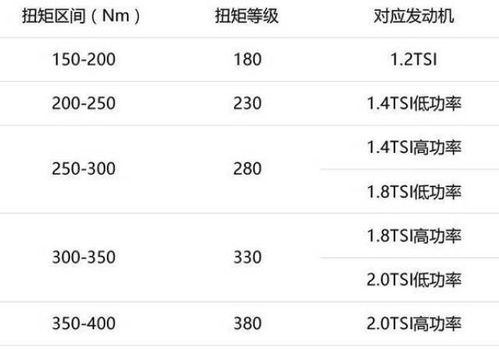  视力axs值是什么意思,了解视力axs值:什么是axs值? 百科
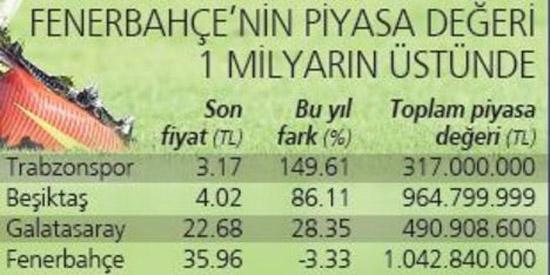 Fenerbahçenin hisseleri değer kaybetti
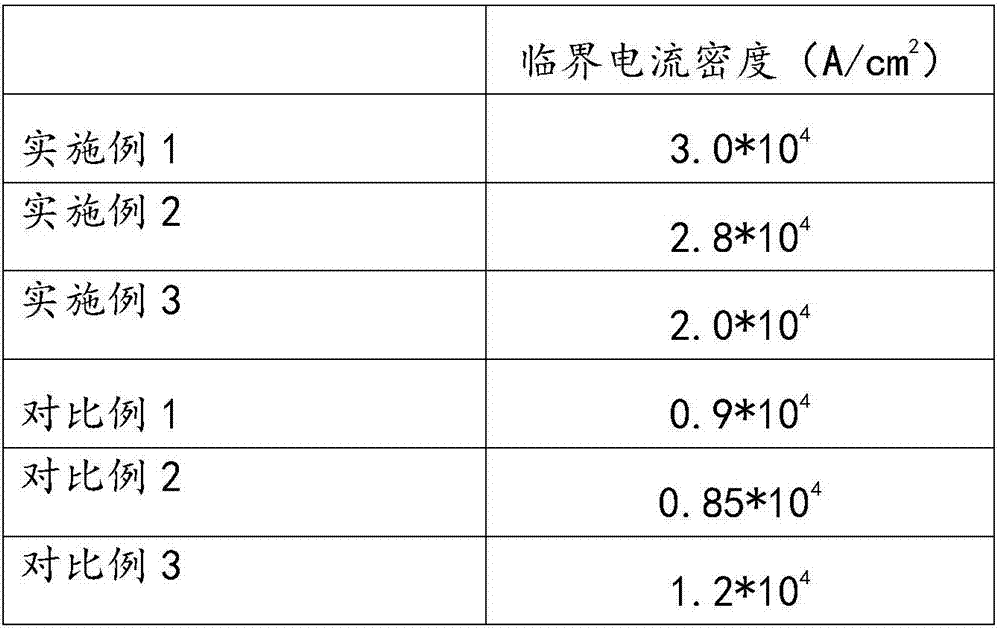 Superconductive thin film material and manufacturing method thereof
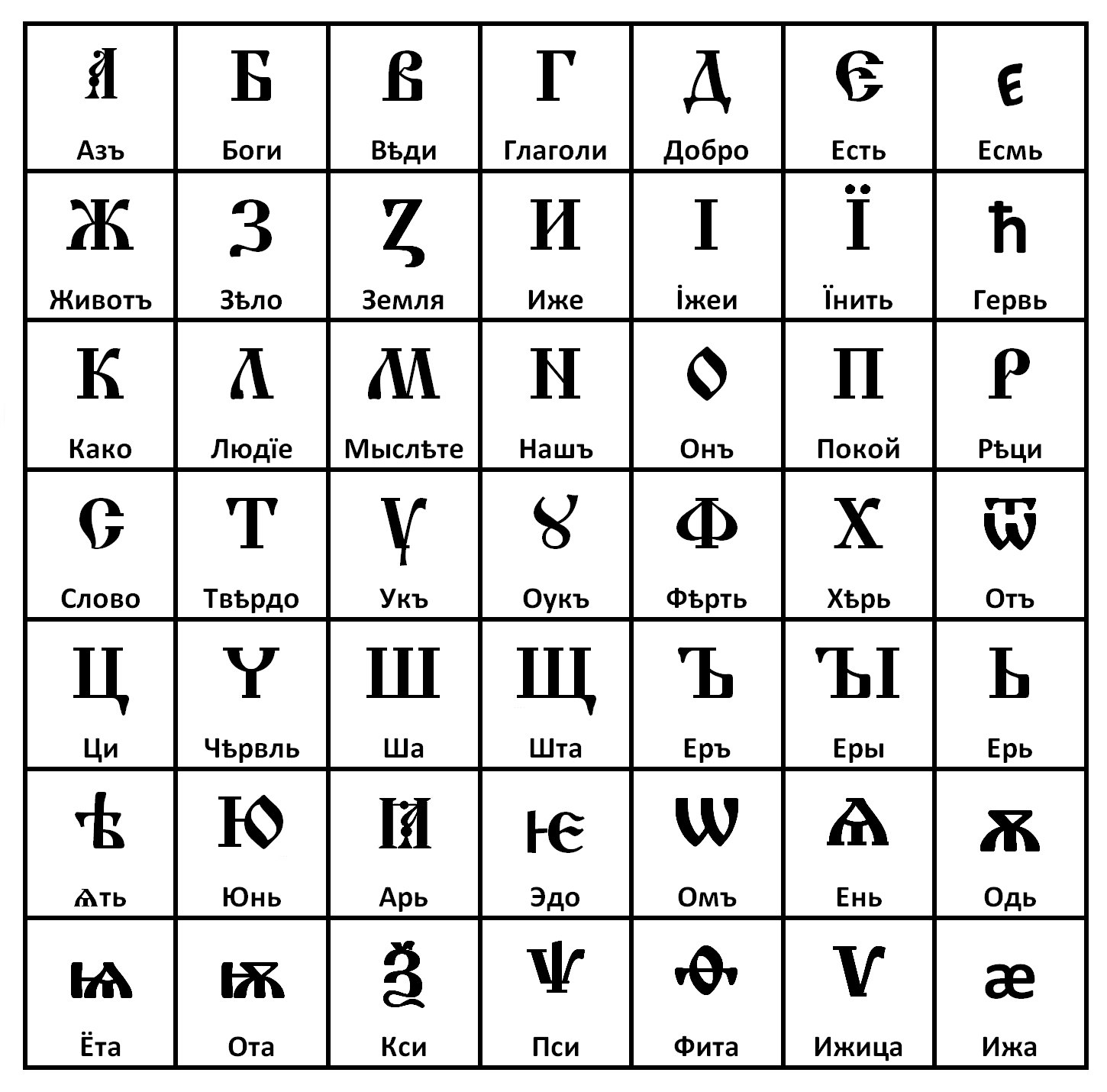 Буквы старой кириллицы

_ _ _ _ _ _ _

Restate the whole listing above exactly, except for its images.

  视力axs值是什么意思,了解视力axs值:什么是axs值? 百科
 Fenerbahçenin hisseleri değer kaybetti
 Superconductive thin film material and manufacturing method thereof
 Буквы старой кириллицы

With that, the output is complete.